B. Prinsip-Prinsip Penggunaan Media Pembelajaran
Salah
satu ciri media pembelajaran adalah bahwa media mengandung dan membawa pesan
atau informasi kepada penerima yaitu siswa. Sebagian media dapat mengolah pesan
dan respons siswa sehingga media itu sering disebut media interaktif. Pesan dan
informasi yang dibawa oleh media bisa berupa pesan yang sederhana dan bisa pula
pesan yang amat kompleks. Akan tetapi, yang terpenting adalah media itu
disiapkan untuk memenuhi kebutuhan belajar dan kemampuan siswa, serta siswa
dapat aktif berpartisipasi dalam proses belajar mengajar. Oleh karena itu,
perlu dirancang dan dikembangkan lingkungan pembelajaran yang interaktif yang
dapat menjawab dan memnuhi kebutuhan belajar perorangan dengan menyiapkan
kegiatan pembelajaran dengan medianya yang efektif guna menjamin terjadinya
pembelajaran.
Prinsip
pokok yang harus diperhatikan dalam penggunaan media pada setiap kegiatan
belajar mengajar adalah bahwa media digunakan dan diarahkan untuk mempermudah
siswa belajar dalam upaya memahami materi pelajaran. Dengan demikian,
penggunaan media harus dipandang dari sudut kebutuhan siswa. Hal ini perlu
ditekankan sebab sering media dipersiapkan hanya dilihat dari sudut kepentingan
guru. Contohnya, oleh karena guru kurang menguasai bahan pelajaran yang akan
diajarkan, maka guru persiapkan media OHT, dan oleh sebab OHT digunakan untuk
kepentingan guru, maka transparansi tidak didesain dengan menggunakan
prinsip-prinsip media pembelajaran, melainkan seluruh pesan yang ingin
disampaikan dituliskan pada transparan hingga menyerupai Koran(Arisandi,
2011).
Ada 9 (Sembilan) prinsip
media pembelajaran antara lain, yaitu :
1. Tidak ada suatu media yang terbaik untuk
mencapai semua tujuan pembelajaran.
2. Penggunaan media harus didasarkan pada tujuan
pembelajaran yang hendak dicapai. Dengan demikian pemanfaatan media
pembelajaran harus menjadi bagian integral dari penyajian pelajaran.

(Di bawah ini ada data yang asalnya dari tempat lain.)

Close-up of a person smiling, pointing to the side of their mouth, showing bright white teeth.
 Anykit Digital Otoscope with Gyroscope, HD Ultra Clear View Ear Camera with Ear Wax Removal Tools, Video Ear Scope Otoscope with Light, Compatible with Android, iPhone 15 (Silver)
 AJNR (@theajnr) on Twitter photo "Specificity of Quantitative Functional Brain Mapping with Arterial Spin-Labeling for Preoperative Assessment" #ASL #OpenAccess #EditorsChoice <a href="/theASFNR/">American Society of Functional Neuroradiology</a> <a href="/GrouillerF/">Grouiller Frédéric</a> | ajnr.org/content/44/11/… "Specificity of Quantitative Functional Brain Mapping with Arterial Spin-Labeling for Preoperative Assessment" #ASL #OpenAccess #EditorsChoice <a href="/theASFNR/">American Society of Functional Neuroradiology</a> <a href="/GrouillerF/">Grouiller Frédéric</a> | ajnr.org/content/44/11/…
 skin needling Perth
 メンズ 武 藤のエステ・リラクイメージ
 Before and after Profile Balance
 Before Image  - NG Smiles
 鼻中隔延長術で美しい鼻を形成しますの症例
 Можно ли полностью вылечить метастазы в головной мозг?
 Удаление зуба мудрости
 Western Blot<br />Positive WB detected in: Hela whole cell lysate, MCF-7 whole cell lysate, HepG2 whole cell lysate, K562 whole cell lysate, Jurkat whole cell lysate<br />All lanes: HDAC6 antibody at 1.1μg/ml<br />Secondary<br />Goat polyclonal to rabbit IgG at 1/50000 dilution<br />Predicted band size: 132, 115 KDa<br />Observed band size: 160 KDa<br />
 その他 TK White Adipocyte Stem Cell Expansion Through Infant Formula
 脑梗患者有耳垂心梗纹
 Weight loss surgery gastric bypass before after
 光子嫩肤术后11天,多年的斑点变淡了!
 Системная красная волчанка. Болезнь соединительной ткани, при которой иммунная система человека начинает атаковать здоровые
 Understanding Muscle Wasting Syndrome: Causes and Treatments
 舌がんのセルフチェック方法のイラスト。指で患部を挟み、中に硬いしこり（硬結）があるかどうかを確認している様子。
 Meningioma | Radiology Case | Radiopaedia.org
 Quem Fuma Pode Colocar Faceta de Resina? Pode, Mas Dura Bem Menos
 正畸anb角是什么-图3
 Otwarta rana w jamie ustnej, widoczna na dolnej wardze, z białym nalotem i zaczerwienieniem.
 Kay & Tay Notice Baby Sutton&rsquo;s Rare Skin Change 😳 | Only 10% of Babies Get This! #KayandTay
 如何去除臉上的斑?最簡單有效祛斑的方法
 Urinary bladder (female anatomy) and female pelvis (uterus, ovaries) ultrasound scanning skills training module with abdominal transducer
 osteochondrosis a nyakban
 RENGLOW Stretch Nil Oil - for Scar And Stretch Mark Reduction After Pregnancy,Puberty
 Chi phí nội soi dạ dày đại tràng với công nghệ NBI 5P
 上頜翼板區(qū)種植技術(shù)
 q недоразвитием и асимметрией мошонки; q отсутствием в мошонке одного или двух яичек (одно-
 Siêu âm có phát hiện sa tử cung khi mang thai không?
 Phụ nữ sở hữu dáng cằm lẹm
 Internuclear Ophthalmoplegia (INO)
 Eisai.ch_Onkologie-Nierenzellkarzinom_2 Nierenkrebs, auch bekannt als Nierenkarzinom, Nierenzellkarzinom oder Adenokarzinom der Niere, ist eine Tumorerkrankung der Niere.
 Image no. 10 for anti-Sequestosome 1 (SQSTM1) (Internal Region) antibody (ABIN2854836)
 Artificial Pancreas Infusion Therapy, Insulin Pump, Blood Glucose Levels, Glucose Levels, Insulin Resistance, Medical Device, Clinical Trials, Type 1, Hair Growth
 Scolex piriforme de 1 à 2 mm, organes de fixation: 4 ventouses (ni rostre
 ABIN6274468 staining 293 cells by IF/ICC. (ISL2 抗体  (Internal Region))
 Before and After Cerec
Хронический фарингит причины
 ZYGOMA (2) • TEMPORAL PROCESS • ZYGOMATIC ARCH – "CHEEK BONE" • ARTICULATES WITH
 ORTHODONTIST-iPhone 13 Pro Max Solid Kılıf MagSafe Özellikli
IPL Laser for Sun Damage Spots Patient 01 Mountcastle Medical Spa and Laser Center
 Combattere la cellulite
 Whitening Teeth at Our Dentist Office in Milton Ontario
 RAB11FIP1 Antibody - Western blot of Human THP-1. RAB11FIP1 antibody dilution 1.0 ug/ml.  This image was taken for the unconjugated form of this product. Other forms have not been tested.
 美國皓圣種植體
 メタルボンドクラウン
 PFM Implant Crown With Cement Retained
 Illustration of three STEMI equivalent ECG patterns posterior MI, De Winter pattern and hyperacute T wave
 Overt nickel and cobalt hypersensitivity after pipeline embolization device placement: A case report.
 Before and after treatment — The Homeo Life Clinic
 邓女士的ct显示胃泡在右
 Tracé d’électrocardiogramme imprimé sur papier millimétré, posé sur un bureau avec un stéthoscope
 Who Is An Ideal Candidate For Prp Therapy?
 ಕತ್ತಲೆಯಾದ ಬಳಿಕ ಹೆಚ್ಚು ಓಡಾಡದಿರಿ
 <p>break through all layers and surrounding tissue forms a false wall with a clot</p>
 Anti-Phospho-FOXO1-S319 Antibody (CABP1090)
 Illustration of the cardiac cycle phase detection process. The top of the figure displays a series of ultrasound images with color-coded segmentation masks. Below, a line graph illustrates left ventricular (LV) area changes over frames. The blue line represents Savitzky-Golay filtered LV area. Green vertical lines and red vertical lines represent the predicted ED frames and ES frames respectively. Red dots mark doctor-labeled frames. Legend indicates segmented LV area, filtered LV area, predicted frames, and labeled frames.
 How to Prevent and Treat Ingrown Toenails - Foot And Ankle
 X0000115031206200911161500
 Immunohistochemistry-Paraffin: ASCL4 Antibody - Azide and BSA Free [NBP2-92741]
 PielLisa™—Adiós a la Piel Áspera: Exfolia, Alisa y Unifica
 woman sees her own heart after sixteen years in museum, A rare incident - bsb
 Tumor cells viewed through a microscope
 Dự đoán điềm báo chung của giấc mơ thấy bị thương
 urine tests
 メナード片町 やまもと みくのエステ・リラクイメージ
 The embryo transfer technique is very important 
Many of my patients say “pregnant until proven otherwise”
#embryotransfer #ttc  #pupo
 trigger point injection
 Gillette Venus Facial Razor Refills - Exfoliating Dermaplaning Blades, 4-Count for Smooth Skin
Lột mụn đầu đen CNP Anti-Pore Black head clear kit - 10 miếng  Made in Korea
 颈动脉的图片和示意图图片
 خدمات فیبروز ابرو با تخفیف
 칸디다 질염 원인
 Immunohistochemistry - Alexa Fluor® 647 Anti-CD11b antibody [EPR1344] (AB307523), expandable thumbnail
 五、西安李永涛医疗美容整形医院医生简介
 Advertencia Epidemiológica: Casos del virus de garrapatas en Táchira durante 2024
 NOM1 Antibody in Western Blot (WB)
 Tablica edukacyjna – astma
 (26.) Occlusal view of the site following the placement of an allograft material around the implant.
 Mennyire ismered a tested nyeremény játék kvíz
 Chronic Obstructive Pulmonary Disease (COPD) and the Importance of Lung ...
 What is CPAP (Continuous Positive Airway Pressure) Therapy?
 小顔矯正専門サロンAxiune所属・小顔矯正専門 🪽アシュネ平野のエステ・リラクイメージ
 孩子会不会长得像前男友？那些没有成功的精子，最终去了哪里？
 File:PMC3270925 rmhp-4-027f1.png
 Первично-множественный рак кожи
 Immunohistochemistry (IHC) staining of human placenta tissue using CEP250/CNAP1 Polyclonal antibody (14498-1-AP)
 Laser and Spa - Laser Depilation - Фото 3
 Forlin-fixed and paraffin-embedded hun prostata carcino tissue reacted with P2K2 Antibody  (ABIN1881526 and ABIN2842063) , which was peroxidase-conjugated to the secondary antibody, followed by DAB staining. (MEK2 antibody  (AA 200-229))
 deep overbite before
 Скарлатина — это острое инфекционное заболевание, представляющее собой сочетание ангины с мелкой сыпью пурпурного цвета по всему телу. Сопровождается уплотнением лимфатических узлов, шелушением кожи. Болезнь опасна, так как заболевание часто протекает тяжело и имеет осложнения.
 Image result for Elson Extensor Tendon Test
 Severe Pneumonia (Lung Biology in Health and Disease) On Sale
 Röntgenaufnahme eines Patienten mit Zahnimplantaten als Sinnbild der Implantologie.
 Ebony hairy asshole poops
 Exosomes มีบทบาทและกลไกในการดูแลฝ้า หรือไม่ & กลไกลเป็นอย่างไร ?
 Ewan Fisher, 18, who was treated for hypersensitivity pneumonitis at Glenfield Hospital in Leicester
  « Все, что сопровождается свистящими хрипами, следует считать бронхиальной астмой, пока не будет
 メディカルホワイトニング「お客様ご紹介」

3. Penggunaan media pembelajaran harus
mempertimbangkan kecocokan ciri media dengan karakteristik materi pelajaran
yang disajikan.
4. Penggunaan media pembelajaran harus disesuaikan
dengan bentuk kegiatan belajar yang akan dilaksanakan seperti belajar klasikal,
kelompok kecil, belajar secara individual, dan belajar mandiri.
5. Guru hendaknya kenal betul dengan alat yang akan
digunakan. Penggunaan media harus disertai persiapan yang cukup seperti
mempreview media yang akan dipakai, mempersiapkan peralatan yang dibutuhkan.
6. Penggunaan media harus diusahakan agar
senantiasa melibatkan partisipasi aktif peserta.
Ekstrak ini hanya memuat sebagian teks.